“Don Mario Ciceri s’impegnò quotidianamente a smussare alcune spigolosità caratteriali giungendo a mostrare in sé un efficace connubio tra vita spirituale e vita pastorale al punto che tutti riconobbero in lui un sacerdote che realizzava con zelo e in fedeltà la sua vocazione. È stato paragonato al santo Curato d’Ars. Anche Armida Barelli camminò nell’amore con una costante limatura del suo temperamento. Mentre veniva consumata dall’infermità il beato Ildefonso Schuster disse di lei: Il Re Divino sta cesellando il suo gioiello”. Lo ha detto il Cardinale Marcello Semeraro, Prefetto della Congregazione per le Cause dei Santi, nell’omelia pronunciata sabato a Milano in occasione della beatificazione di Armida Barelli e Don Mario Ciceri.

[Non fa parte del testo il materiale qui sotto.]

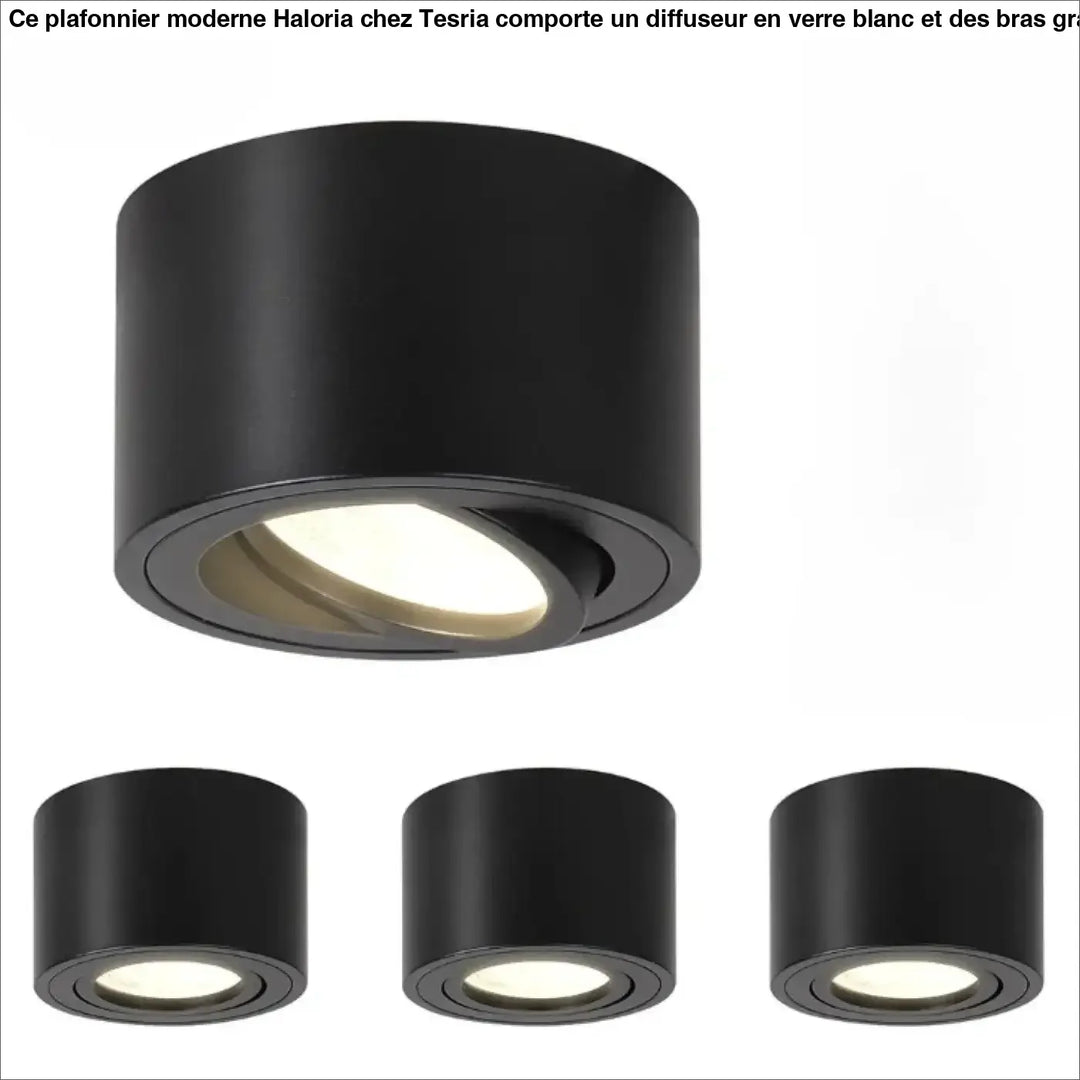Luminaire plafonnier trigon noir mat avec éclairage led ajustable et saillie orientable pour un éclairage ciblé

“Parlando di Armida Barelli- ha ricordato il Cardinale – Giovanni Battista Montini, sin dagli inizi del suo ministero come Pastore di questa Arcidiocesi disse che a lei doveva andare il plauso non soltanto di Milano, ma dell’Italia, per aver lasciato un’eredità che veramente arricchisce le file della vita cattolica e segnato la via per l’educazione moderna della gioventù femminile”.

“In realtà – ha detto ancora il porporato - l’apostolato della Barelli spaziò su più fronti, dall’Opera della Regalità all’Università Cattolica del Sacro Cuore. Al riguardo, il p. Agostino Gemelli nel suo Testamento spirituale lasciò scritto: «Tutti i miei collaboratori si ricordino che agli occhi degli uomini io appaio come uno che ha fatto delle opere: queste non sarebbero né nate, né fiorite senza lo zelo, la pietà, l’intelligenza e soprattutto la vita soprannaturalmente ispirata della signorina Barelli». In particolare, ella volle la Facoltà di Medicina al punto da preferirla come dono del Signore alla guarigione dalla malattia che poi la condusse alla morte”.

La santità è questo: seguire la scia del profumo di Cristo. Per il beato Mario Ciceri – ha concluso il Cardinale Semeraro - fu la vocazione al ministero sacro; per Armida Barelli fu la vocazione all’apostolato laicale”.